Enhanced selective adsorption ability of Cu2O nanoparticles for anionic dye by sulfur incorporation

Abstract

Cu2O-based materials are potential adsorbents for the removal of anionic dyes pollutions. Herein, sulfur incorporation is designed to promote adsorption capacity of Cu2O. A series of sulfur-incorporated Cu2O nanomaterials are synthesized by a facile chemical reduction method. Sulfur incorporation favors the formation of small sized S-Cu2O particles in the range of 50–100 nm and their enhanced adsorption performances.
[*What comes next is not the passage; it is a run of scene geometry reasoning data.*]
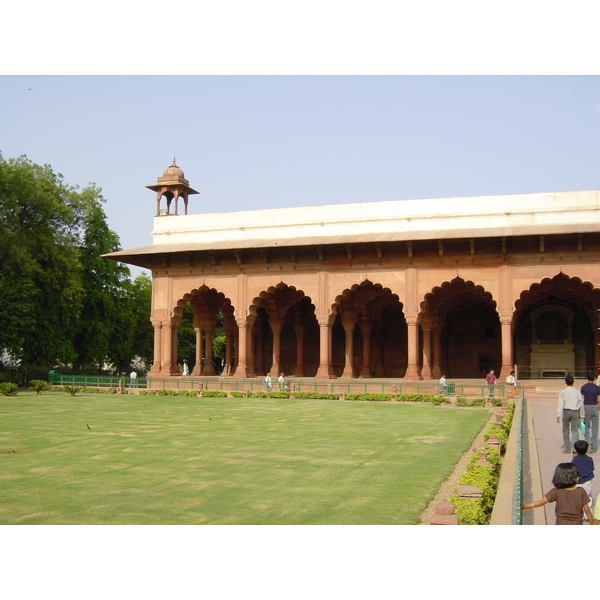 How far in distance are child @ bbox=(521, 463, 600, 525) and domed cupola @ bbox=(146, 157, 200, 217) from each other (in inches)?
1093

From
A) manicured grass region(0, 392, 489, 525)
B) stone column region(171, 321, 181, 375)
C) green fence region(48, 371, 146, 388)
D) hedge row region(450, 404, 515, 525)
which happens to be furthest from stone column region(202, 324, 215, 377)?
hedge row region(450, 404, 515, 525)

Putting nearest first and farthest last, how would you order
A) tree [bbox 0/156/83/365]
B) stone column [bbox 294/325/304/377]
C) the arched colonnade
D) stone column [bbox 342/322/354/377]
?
the arched colonnade → stone column [bbox 342/322/354/377] → tree [bbox 0/156/83/365] → stone column [bbox 294/325/304/377]

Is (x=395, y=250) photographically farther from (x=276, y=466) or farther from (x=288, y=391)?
(x=276, y=466)

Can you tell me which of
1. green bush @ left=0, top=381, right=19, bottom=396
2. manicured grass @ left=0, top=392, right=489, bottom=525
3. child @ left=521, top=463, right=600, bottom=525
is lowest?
manicured grass @ left=0, top=392, right=489, bottom=525

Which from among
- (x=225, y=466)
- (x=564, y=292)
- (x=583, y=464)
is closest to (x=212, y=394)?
(x=564, y=292)

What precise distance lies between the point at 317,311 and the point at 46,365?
49.0 feet

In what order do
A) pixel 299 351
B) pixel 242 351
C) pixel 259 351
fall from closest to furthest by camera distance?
1. pixel 242 351
2. pixel 299 351
3. pixel 259 351

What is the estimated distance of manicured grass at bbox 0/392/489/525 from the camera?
6.83m

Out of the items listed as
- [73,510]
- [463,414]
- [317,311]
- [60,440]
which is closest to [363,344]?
[317,311]

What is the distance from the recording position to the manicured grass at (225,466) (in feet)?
22.4

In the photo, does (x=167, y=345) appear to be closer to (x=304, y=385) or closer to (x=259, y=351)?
(x=259, y=351)

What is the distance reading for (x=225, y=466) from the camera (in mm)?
9305

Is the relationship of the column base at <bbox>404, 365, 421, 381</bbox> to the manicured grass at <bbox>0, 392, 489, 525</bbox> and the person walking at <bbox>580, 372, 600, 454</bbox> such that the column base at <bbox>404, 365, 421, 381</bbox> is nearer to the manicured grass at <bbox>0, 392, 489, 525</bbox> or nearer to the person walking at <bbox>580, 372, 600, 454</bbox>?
the manicured grass at <bbox>0, 392, 489, 525</bbox>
The S-Cu2O particles show good adsorption activities for methyl orange solution (75–500 mg L−1) under pH 6–10 at room temperature. A superior adsorption capacity of 1485.24 mg g−1 for the removal of methyl orange is achieved on the S-Cu2O adsorbent. Adsorption behaviors of the S-Cu2O adsorbent fit well with Langmuir isotherm and pseudo-second-order kinetic model. Adsorption thermodynamic results indicate the exothermic and spontaneous adsorption process. Anionic dye can be adsorbed selectively on the S-Cu2O adsorbent and separated from cationic dyes. Density functional theory calculations prove a pronounced electron accumulation on sulfur sites, benefiting to the adsorption on S-Cu2O. A nonmetallic element incorporation for improving adsorption capacity of metal oxide adsorbents is provided as a promising strategy for other adsorbents.